APIs can be a bridge to the uncertain future and help you safely traverse over turbulent waters.
Embrace innovation by creating vibrant API ecosystems
Microsoft offers all of the tools to be able to immediately capitalize on new opportunities as they emerge in the business landscape. Our infrastructure technologies, such as Kubernetes and serverless computing, accelerate development velocity and help developers move faster than ever before. Our API technologies, such as API management, accelerate the speed at which new opportunities can be acted upon, by immediately providing channels for partners, developers, customers, and other third-parties to leverage new technology which is created. These types of activities are often done with tools such as an API developer portal.
Azure API Management’s developer portal lets you easily grant access (and control) to APIs. The developer portal provides documentation on how to use the APIs and creates a simple, easy way for people to get started. A developer portal is an integral part of any API-first approach, which is why we’re announcing the general availability of our greatly improved developer portal experience.
You can now easily customize the developer portal with a visual user interface, helping create a branded experience. The developer portal is open-source and built with extensibility in mind. You can easily fork our exacting repository and customize it to meet your needs. It was created using contemporary JAMstack technologies that significantly reduce page load times, to make it as frictionless of user experience as possible.
You can learn more about this announcement by reading our Azure Update on the release.
Secure and manage APIs seamlessly in a hybrid world
Today’s most popular API management solutions run in public clouds. And while having a purely cloud-based API management service can work for pretty much all scenarios, it’s not always the best choice. Perhaps compliance requirements mandate that information must stay on the corporate network, or maybe accessing the cloud is prohibited by company policy. Whatever the reason, scenarios like this can’t use an API management service running in any public cloud; the service must run on-premises.
To meet your hybrid requirements, we’re announcing the preview of Azure Arc enabled API Management, a self-hosted API gateway. The new self-hosted API gateway doesn’t replace the primary cloud-based API management service. Instead, it augments this service by providing the essential aspects of API management in software that organizations can run wherever they choose.
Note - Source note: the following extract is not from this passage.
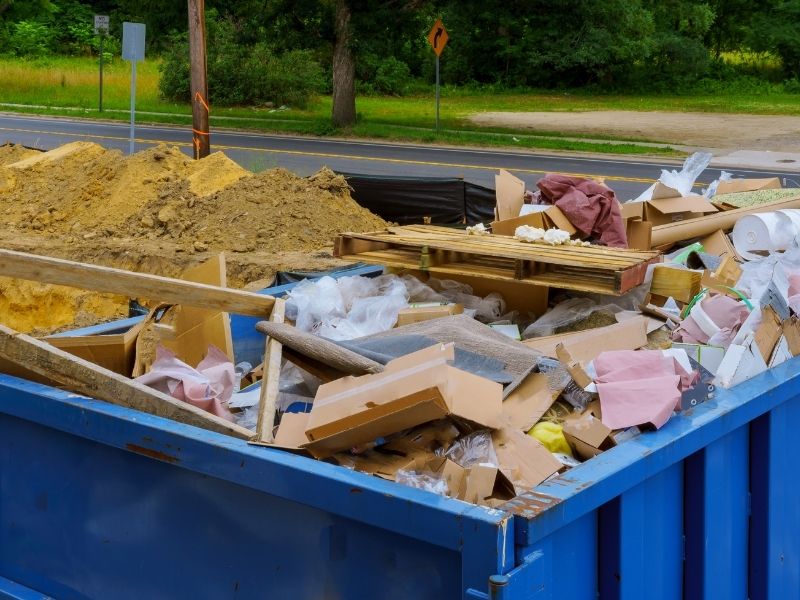 Jak pozbyć się problematycznych odpadów z domu lub mieszkania?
It adds a containerized version of the Azure API Management gateway you can host on-premises or another environment that supports the deployment of Docker containers. It enables more efficient call patterns for internal-only and internal and external APIs and is managed from a cloud-based Azure API Management instance. Azure Arc enabled API Management enables you to run the self-hosted API management gateway in your own on-premises datacenter or run the self-hosted API management gateway in another cloud.
Read the whitepaper we’ve released, API management in a hybrid and multi-cloud world, which goes into further detail technical detail on Azure Arc enabled API Management, as well as the strategic benefits you receive when adopting this approach.
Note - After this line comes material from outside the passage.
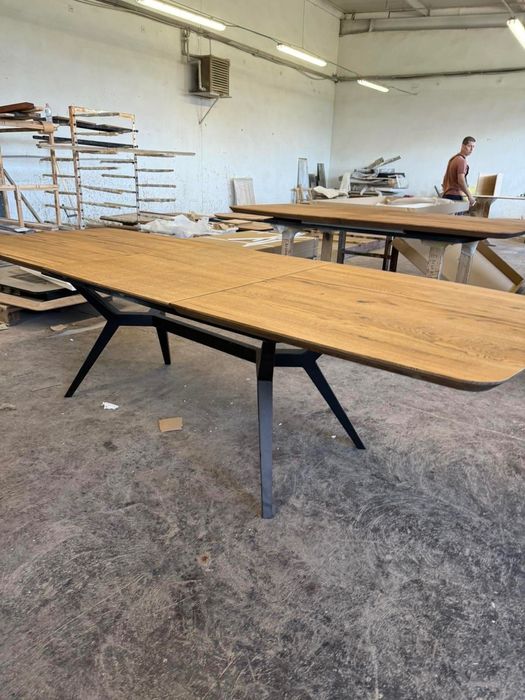 Трапезарна дъбова маса от масив разтегателна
Or, you can start a free trial of Microsoft Azure and check out API Management for yourself.
Heading into the future
APIs are the way that businesses will continue to communicate. The growth of APIs has continued to increase, and the rise of the API product is happening right now. Many different companies now offer API-first products and are a powerful reminder that a well thought out API strategy is going to be key to any business’ strategy moving forward.